ASU's New Additive Manufacturing Center Brings Together Academics and Industry
The new facility is the largest academic AM center in the Southwest United States.
Representatives from industry, business and academia attended the opening of Arizona State University's Additive Manufacturing Center on January 18, 2017. Located within the Manufacturing Research and Innovation Hub on ASU's Polytechnic campus in Mesa, Arizona, the Center is the largest facility of its kind in the Southwest United States.
The 15,000-square-foot Additive Manufacturing Center holds more than $2 million of polymer and metal 3D printing equipment to be used by students, faculty and industry partners. A range of research and development activities will be conducted at the Center, including materials development and prototyping of complex mechanical and energy systems.
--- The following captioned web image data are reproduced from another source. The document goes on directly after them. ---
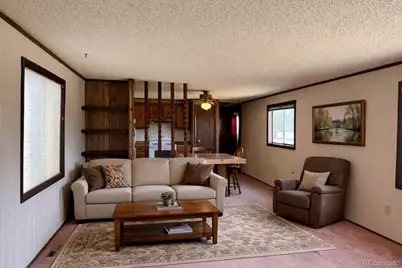 29600 County Road 353, Buena Vista, CO 81211 - Photo 3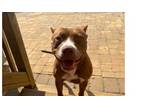 Adopt Molly a Pit Bull Terrier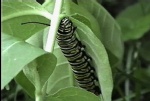 CaterpillarFeast002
Though operated by ASU, the Center was made possible through partnerships with Honeywell Aerospace, Concept Laser (recently acquired by GE), Phoenix Analysis & Design Technologies (PADT), and Stratasys. These partners are contributing equipment as well as assisting with student projects and research, internships, and mentoring.
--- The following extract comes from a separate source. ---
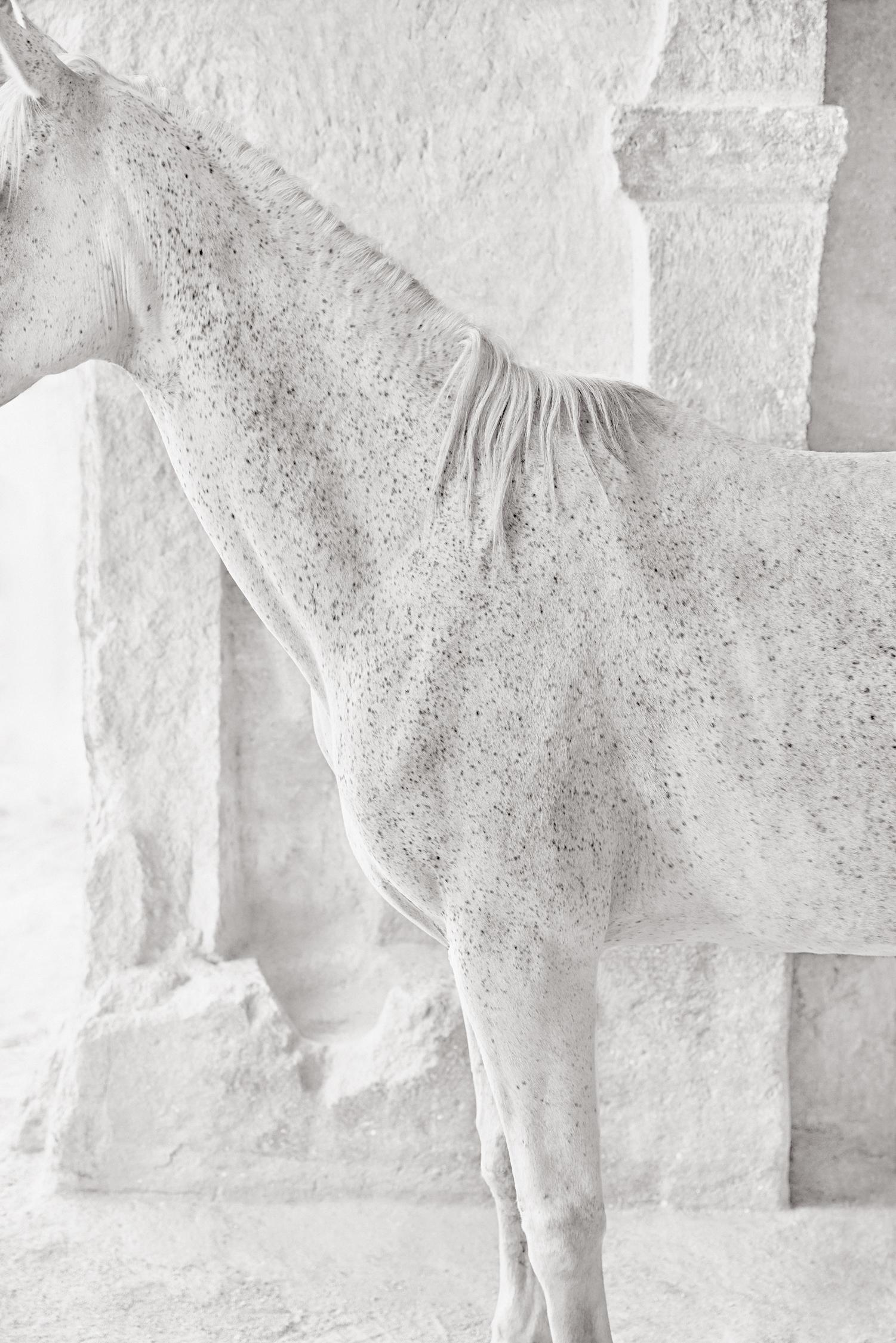 Perfil de un hermoso caballo blanco contra una antigua estructura de piedra - Photograph de Drew Doggett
“Partnering with these industry leaders provides us the capability to do additional research and enhance our education programs,” says Ann McKenna, director of the ASU Polytechnic School. “With so few of these types of centers, this makes ASU more attractive among academic partners, federal agencies and corporations to advance additive manufacturing.”
Industry also stands to benefit from the Additive Manufacturing Center, particularly in terms of workforce development and recruiting.
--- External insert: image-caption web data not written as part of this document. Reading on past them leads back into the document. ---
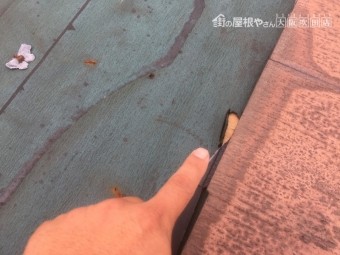 カラーベスト捲れ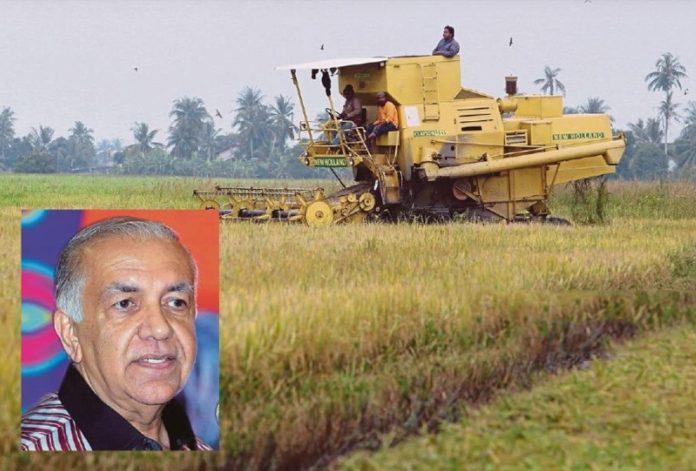 white rice price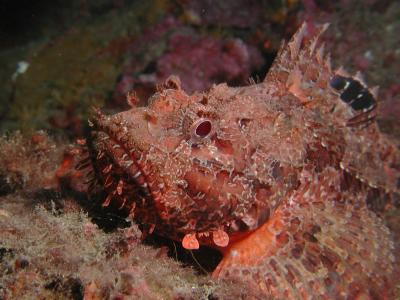 Schorpioenvis 1.JPG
“We have a lot of very prominent manufacturers in the state of Arizona, but beneath that are upwards of 4,500 small- to medium-size manufacturing companies who need the workforce and who need the talent that we’re trying to create,” says Malcolm Green, associate director of corporate engagement at the Fulton Schools. One goal of the Center is to serve as a pipeline for feeding talent to employers.
“We are just scouring the Earth trying to find talented engineers, technicians and materials science people who can really bring a lot of vision and help this technology expand,” says John Murray, president and CEO of Concept Laser. “Education is an absolute cornerstone to this entire industry and its ability to expand, and we’re excited to be a part of it.”